There were no serious injuries, although one guest on the Casino floor was kicked in the head by one of the 
robbers when he moved, the police officer said. Swiss authorities are working closely with French authorities, 
Gill said. The robbers spoke French and drove vehicles with French lRicense plates. CNN's Andreena Narayan 
contributed to this report.
"""
outputs = learn.blurr_generate(test_article, num_return_sequences=3)

for idx, o in enumerate(outputs):
    print(f'=== Prediction {idx+1} ===\n{o}\n')
=== Prediction 1 ===
 Police: About 10 men armed with pistols and machine guns raided a casino in Switzerland .
They made off with several hundred thousand Swiss francs in the early hours of Sunday morning .
The robbers spoke French and drove vehicles with French lRicense plates .
There were no serious injuries, but one guest was kicked in the head by one of the robbers .

=== Prediction 2 ===
 Police: About 10 men armed with pistols and machine guns raided a casino in Switzerland .
They made off with several hundred thousand Swiss francs in the early hours of Sunday morning .
The robbers spoke French and drove vehicles with French lRicense plates .
There were no serious injuries, although one guest was kicked in the head by one of the robbers .

=== Prediction 3 ===
 Police: About 10 men armed with pistols and machine guns raided a casino in Switzerland .
They made off with several hundred thousand Swiss francs in the early hours of Sunday morning .
The robbers spoke French and drove vehicles with French lRicense plates .
There were about 600 people in the casino at the time of the robbery .

export_fname = 'summarize_export'

learn.metrics = None
learn.export(fname=f'{export_fname}.pkl')

inf_learn = load_learner(fname=f'{export_fname}.pkl')
inf_learn.blurr_generate(test_article)
[' Police: About 10 men armed with pistols and machine guns raided a casino in Switzerland .\nThey made off with several hundred thousand Swiss francs in the early hours of Sunday morning .\nThe robbers spoke French and drove vehicles with French lRicense plates .\nThere were no serious injuries, but one guest was kicked in the head by one of the robbers .']

Tests

The purpose of the following tests is to ensure as much as possible, that the core training code works for the pretrained summarization models below.

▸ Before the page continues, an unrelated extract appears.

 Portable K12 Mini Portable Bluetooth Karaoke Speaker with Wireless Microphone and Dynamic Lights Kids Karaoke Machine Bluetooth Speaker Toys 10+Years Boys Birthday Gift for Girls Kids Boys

These tests are excluded from the CI workflow because of how long they would take to run and the amount of data that would be required to download.

Note: Feel free to modify the code below to test whatever pretrained summarization models you are working with ... and if any of your pretrained summarization models fail, please submit a github issue (or a PR if you'd like to fix it yourself)

arch tokenizer model_name result error
0 bart BartTokenizerFast BartForConditionalGeneration PASSED
1 led LEDTokenizerFast LEDForConditionalGeneration PASSED
2 mbart MBartTokenizerFast MBartForConditionalGeneration PASSED
3 mt5 T5TokenizerFast MT5ForConditionalGeneration PASSED
4 pegasus PegasusTokenizerFast PegasusForConditionalGeneration PASSED
5 t5 T5TokenizerFast T5ForConditionalGeneration PASSED

Summary

This module includes the fundamental bits to use Blurr for summarization tasks training and inference.